• EXERCISE AIM:
Produce word for word the lines of the data below running from the one that has "[送料無料] バリ溝！キレイ！9.5分★MINI ミニ" to the one that has "E 4 Piece Bedding", inclusive, and no others.

• GIVEN INFORMATION:
■ ■ ■ ■ ■

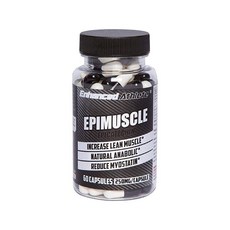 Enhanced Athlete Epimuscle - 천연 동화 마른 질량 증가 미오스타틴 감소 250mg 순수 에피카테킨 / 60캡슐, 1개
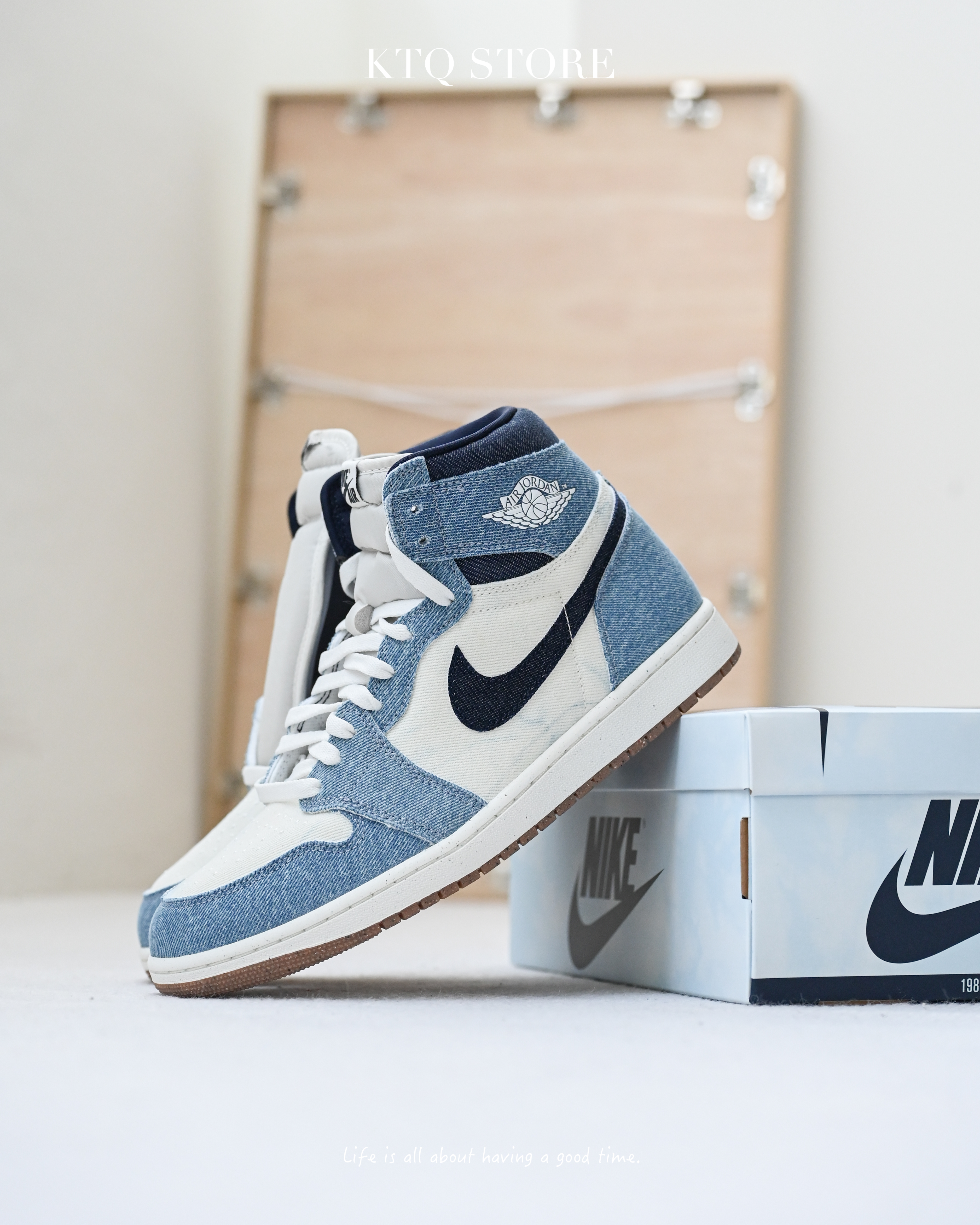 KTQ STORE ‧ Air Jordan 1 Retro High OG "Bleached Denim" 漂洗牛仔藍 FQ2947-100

■ ■ ■ ■ ■

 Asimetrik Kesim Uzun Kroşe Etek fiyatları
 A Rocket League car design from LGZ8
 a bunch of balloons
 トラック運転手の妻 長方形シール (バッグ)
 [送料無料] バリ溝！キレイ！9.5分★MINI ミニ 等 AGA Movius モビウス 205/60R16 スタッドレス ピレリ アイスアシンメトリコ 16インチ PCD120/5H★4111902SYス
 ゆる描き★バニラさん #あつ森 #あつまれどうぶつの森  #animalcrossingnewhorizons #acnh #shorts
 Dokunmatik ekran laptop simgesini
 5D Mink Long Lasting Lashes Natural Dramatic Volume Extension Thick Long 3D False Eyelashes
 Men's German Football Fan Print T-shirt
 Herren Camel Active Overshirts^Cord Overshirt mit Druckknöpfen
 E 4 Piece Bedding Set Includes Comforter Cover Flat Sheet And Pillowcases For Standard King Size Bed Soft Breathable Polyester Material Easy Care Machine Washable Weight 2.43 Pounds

■ ■ ■ ■ ■

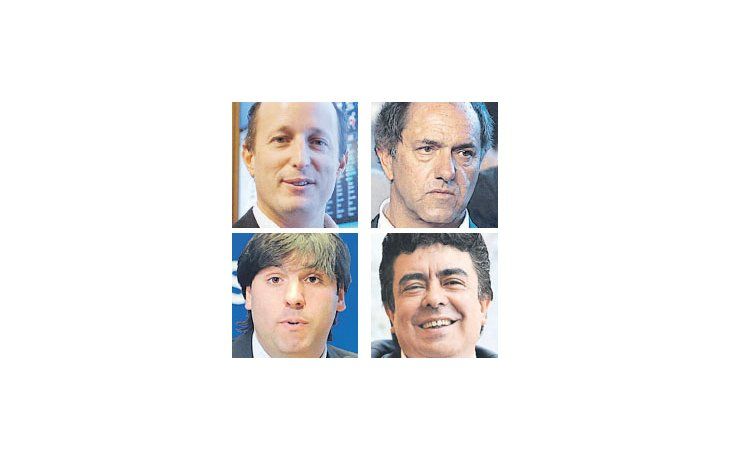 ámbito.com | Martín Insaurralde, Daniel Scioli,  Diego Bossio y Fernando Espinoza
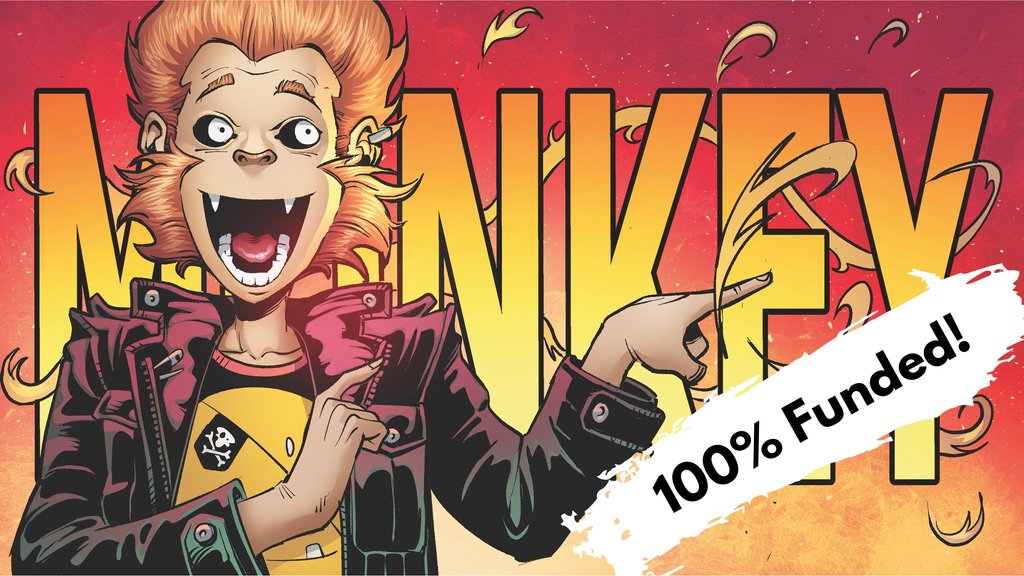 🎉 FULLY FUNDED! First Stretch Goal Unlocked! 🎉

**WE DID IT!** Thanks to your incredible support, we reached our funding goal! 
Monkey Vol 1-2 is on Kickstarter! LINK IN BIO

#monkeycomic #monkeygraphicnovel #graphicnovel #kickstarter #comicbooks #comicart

■ ■ ■ ■ ■

• TASK RESPONSE:
 [送料無料] バリ溝！キレイ！9.5分★MINI ミニ 等 AGA Movius モビウス 205/60R16 スタッドレス ピレリ アイスアシンメトリコ 16インチ PCD120/5H★4111902SYス
 ゆる描き★バニラさん #あつ森 #あつまれどうぶつの森  #animalcrossingnewhorizons #acnh #shorts
 Dokunmatik ekran laptop simgesini
 5D Mink Long Lasting Lashes Natural Dramatic Volume Extension Thick Long 3D False Eyelashes
 Men's German Football Fan Print T-shirt
 Herren Camel Active Overshirts^Cord Overshirt mit Druckknöpfen
 E 4 Piece Bedding Set Includes Comforter Cover Flat Sheet And Pillowcases For Standard King Size Bed Soft Breathable Polyester Material Easy Care Machine Washable Weight 2.43 Pounds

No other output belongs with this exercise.